Friedrich Nietzsche's success in America is a topic many will associate with Allan Bloom's bestseller of 25 years ago, The Closing of the American Mind. Jennifer Ratner-Rosenhagen, an associate professor of history at the University of Wisconsin, makes Bloom's book the culmination of her inquiry, the moment when tens of thousands of American readers, or purchasers, took notice of Nietzsche's influence on themselves and their country. At this point Nietzsche came to light in America in a scholarly book aiming to show that, for some good and more ill, Nietzsche was in control of America's mind.

Ms.
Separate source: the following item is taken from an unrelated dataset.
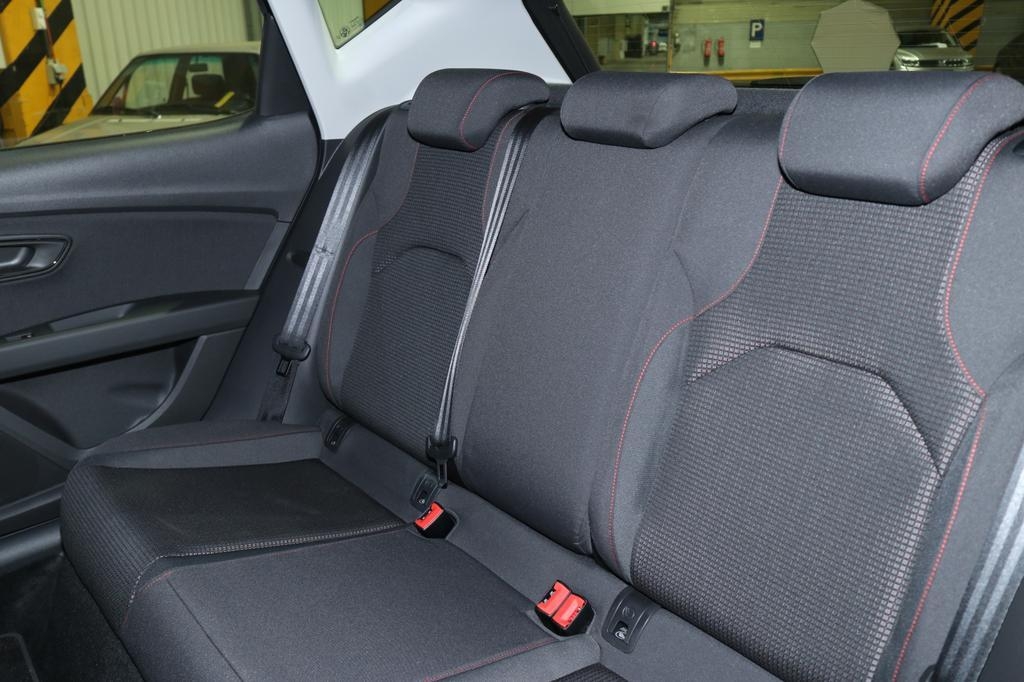 SEAT Leon 2019 photo 1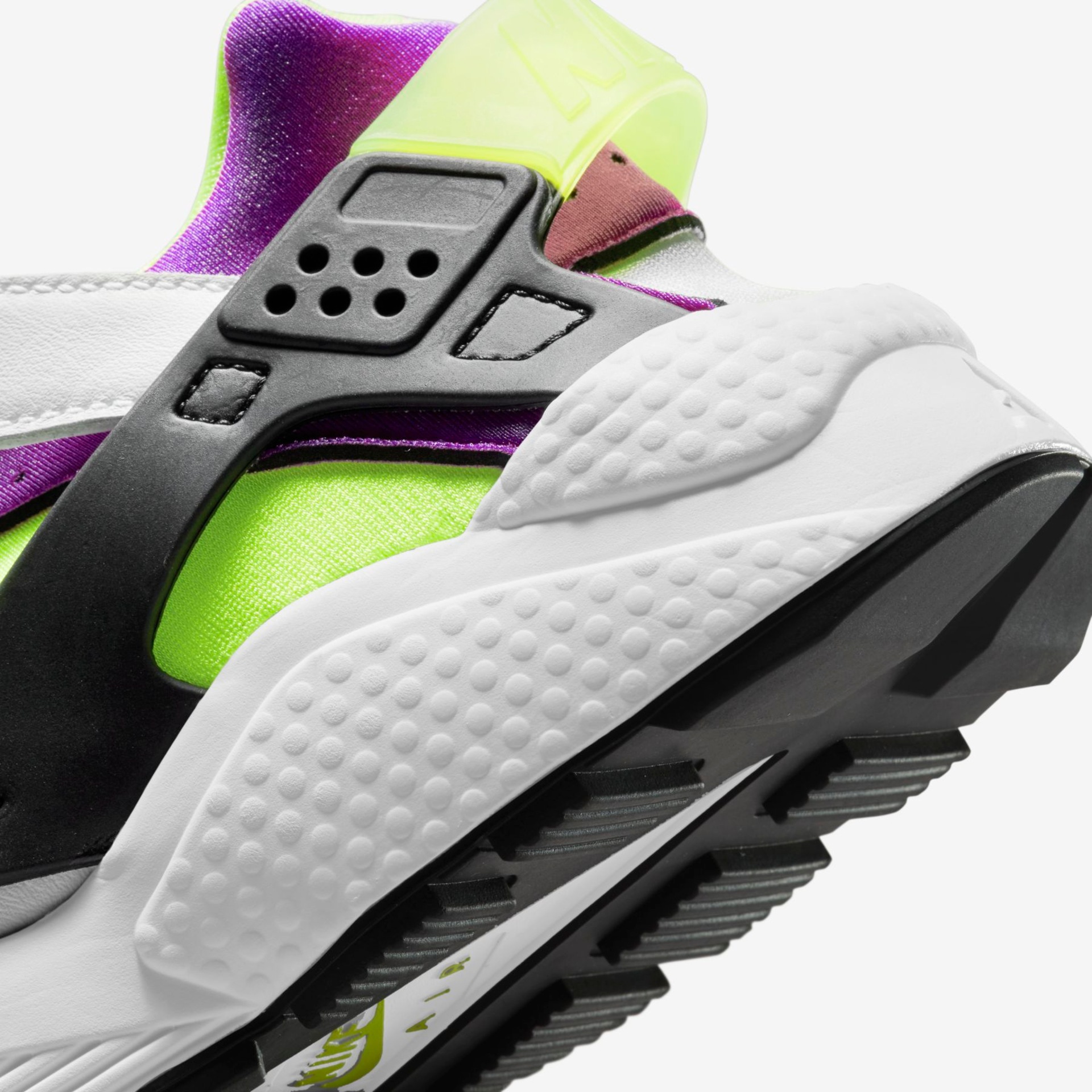 Tênis Nike Air Huarache Feminino - Foto 8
Ratner-Rosenhagen's book is written with charm and verve, and it discusses intelligently the many Americans, from Wilbur Urban in 1897 to Richard Rorty in our day, who have taken Nietzsche as their guide. But it does not present the same view of Nietzsche's success as Allan Bloom's. She is an intellectual historian. Her book, she says, is not a book about Nietzsche but about the remaking of modern American thought inasmuch as American readers of Nietzsche were "responding to a particular set of…circumstances." She also says that the main message of Nietzsche was the ability to create one's own self. The contrast between responding and creating is left unexplored. She says nothing of the goal of Bloom's book, which, as he put it, was to find again "a world to which we can put our questions and be able to philosophize." Bloom had said that the "success" of Nietzsche in America was to have almost snuffed out its openness to philosophy, to have almost accomplished the closing of the American mind.
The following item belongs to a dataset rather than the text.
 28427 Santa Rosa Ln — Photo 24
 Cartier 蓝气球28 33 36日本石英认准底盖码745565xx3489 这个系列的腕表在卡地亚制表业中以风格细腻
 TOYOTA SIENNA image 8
Ms. Ratner-Rosenhagen's theme is instead that Nietzsche was in tune, if not with all of America, at least with Ralph Waldo Emerson. Persuaded by the writings of Harold Bloom (quite another Bloom than Allan) and Stanley Cavell, she takes Nietzsche's admiration of Emerson, expressed with enthusiastic notes in the margins of German translations, so far as to call Emerson his "mentor." Although she speaks of the "stark challenges" of Nietzsche to Americans, she does not regard Nietzsche as a menacing figure and a challenge to American principles, as did Allan Bloom. She seems quite happy with "anti-foundationalism," understood as the rejection of "universal truths" or "absolutes."
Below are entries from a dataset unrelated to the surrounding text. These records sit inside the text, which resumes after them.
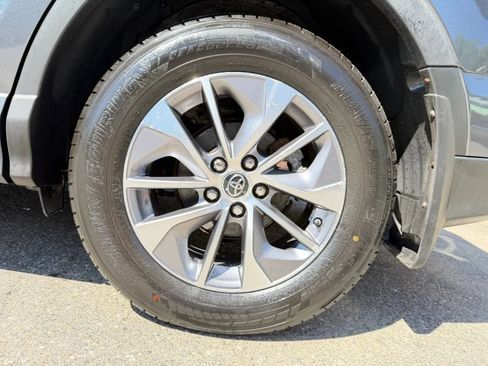 Used 2017 Toyota RAV4 XLE w/ All Weather Liner Package AWD/4WD image 30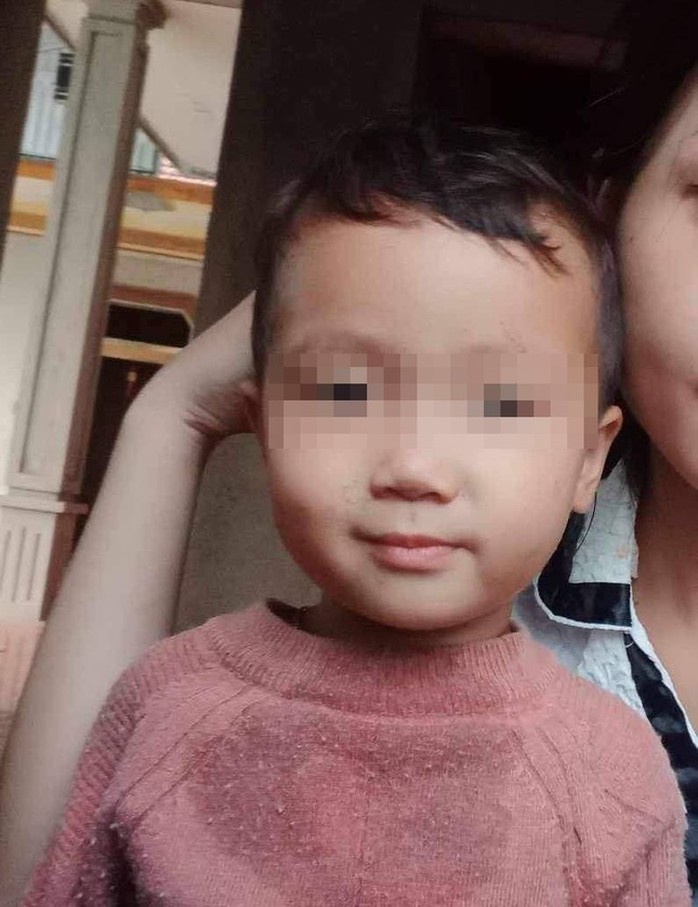 Vụ cháu bé 2 tuổi mất tích bí ẩn: Huy động chó nghiệp vụ tìm kiếm- Ảnh 1. Vụ cháu bé 2 tuổi mất tích bí ẩn: Huy động chó nghiệp vụ tìm kiếm- Ảnh 1.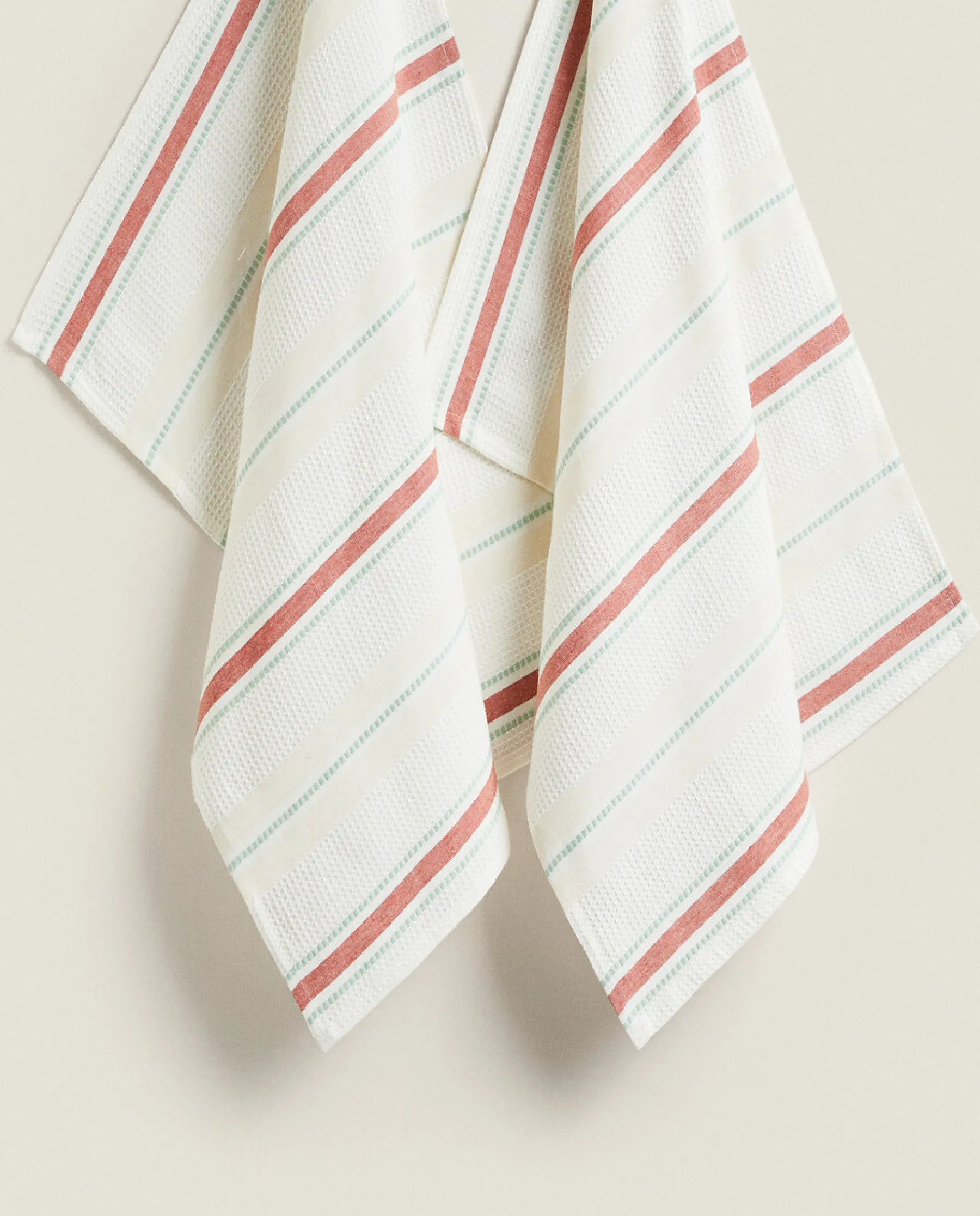 ZARA Home Waffle-Knit Cotton Kitchen Towel With Stripes (Pack Of 2)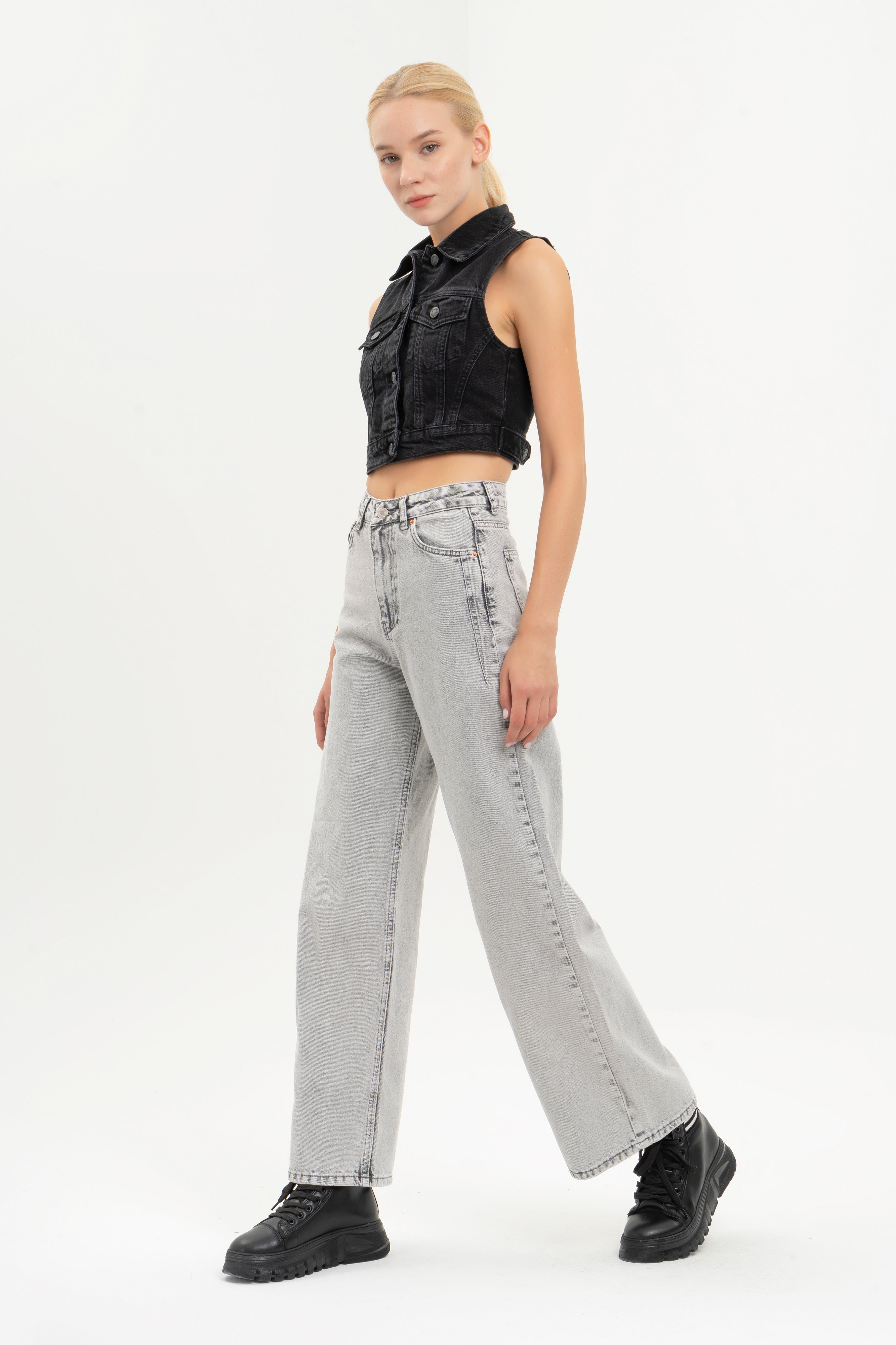 Women's Gray Color Wide Leg Fit Wide Leg Denim Trousers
Emerson would not have been so happy about this, for he said in his address "The American Scholar" that "the soul active sees absolute truth; and utters truth, or creates." Nietzsche would have liked the word "create," and he did give philosophy a poetic cast, like Emerson, but where Emerson rhapsodized, Nietzsche agonized. For Nietzsche the soul was not in tune with nature, as Emerson thought, nor was history the "universal mind" of man, the "correlative of nature," as Emerson said. Emerson's sunny romanticism was not tested with the historicist critique of every absolute, as Nietzsche did for himself. In this critique each absolute was found to be meaningful only for its time, hence meaningless for Nietzsche and his time, which was cursed with the knowledge of history that made all history meaningless, and was thus introduced to the awareness of nihilism. Unaware of nihilism, Emerson did not have to struggle to overcome it as did Nietzsche, who was far from satisfied with "anti-foundationalism." Nietzsche did his best to recover a notion of nature that would revive a universal truth, in particular the truth of man's ranking in the whole and of the best man's superiority to, or beyond, or over, other men. Next to Nietzsche, Emerson with his confidence that America had outlived its "long apprenticeship to the learning of other lands" (again "The American Scholar") seems like a babe in the woods.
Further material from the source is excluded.